Learning the basics of the Datasette ecosystem with crates.io data

Published: 24 July, 2023, updated: 24 July, 2023

Background

I’ve been enjoying exploring the data from the Bevy game jam, and wondered what other ways one could come up with an idea of the popular/active Bevy ecosystem using data. One speculative investigation involves understanding the time taken from a new Bevy minor version (since Bevy is still pre-1.0, this means a breaking change) and when various Bevy dependents (libraries and games/apps) are updated.

The simplest option here is to look at crates.io, which helpfully provides a few different means of data access. One of these is a database dump, which gave me an excuse to finally use the Datasette ecosystem on a small project.

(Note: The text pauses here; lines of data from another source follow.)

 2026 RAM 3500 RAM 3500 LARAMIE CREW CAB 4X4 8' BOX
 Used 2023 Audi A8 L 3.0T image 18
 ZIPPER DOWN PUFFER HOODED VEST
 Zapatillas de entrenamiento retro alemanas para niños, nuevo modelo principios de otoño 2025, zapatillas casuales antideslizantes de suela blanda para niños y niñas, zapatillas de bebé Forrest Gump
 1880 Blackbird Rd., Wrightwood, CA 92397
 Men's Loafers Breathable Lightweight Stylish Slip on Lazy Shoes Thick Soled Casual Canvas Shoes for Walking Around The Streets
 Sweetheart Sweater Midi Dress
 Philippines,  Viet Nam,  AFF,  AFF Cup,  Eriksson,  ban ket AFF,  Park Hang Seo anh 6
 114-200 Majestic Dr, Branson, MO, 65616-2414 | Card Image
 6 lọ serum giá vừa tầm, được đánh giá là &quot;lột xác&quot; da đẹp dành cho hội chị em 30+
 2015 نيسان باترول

Datasette’s tagline is “Find stories in data”, which is very much what I’m trying to do.

Getting the dump

The database dump has a fixed URL which uses a redirect to a fixed per-object URL. The archive stores the data in a folder named with the time of the database dump.

$ curl -OL https://static.crates.io/db-dump.tar.gz
$ tar xzf db-dump.tar.gz
$ cd 2023-07-.../data

Data import and transformation using `sqlite-utils`

Datasette is built around SQLite for various reasons. sqlite-utils is the part of the Datasette ecosystem for getting that SQLite database created - getting the data out of various other formats and into the “common language” of SQLite and from there whatever transformations you want to make. The crates.io database dumps are in the PostgreSQL language for the schema, but the data itself is stored in simple CSVs, which is something sqlite-utils is set up to handle well.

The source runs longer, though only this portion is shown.